Hey folks, sorry I haven’t done my regular posts this week but I have been in a very dark place in the world lately and I am struggling  in many different ways.

The state of the world we live in….

My binge eating disorder has been testing me so much over the past month it has drained a lot of my energy trying to keep on top of it and I exhausted almost all of my coping strategies to try and stop heading down a very steep slope again.  I am winning the battle up to now but I really could use those positive thoughts from you if you can spare them.

Zanna and I have been working so hard trying to get things done for our charity work and things seem to be going well.  We have been organising a Halloween Party, Christmas Party, Christmas Fair, Pantomime Tickets, looking for donations for raffle prizes and organising a sponsored ghost hunt.  I have been doing a sponsored weight loss and over the past 2 months I have lost 17 lbs which (if all gets collected) has raised around £230.
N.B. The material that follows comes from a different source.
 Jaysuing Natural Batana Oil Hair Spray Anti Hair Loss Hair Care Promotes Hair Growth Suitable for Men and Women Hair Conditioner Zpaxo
We were at an award ceremony this evening for my 11…ooops 12 year old daughter, Manga.  She was awarded the Headmaster’s award from her Primary School for her contributions to the school.  We could not have been more proud of her as she works so hard in circumstances that most kids would struggle with.  She does so much for her little sister, Pretzel, without so much as a word of complaint and she truly astounds me with what she is capable of.  I know that she is going to be an astounding young lady and excel at whatever she puts her mind to.  It was her birthday today as well which made the evening even more special for us and for her.

The world’s plan conspires against us….

Unfortunately, whatever power that drives this Earth that we live on decided we had been a little too happy and a little too complacent and hit us with a sucker punch today.  We had the results of an MRI that was done on Pretzel in February and the results shocked us back to reality.  It showed that she has parts of her brain missing and other parts that are underdeveloped.  There is also some parts which are over-sized which all adds up to a big mess of everything.  The thing is we were never told about these things when she had her first one done when she was 8 months old.  To say it took the wind out of us is a little bit of an understatement.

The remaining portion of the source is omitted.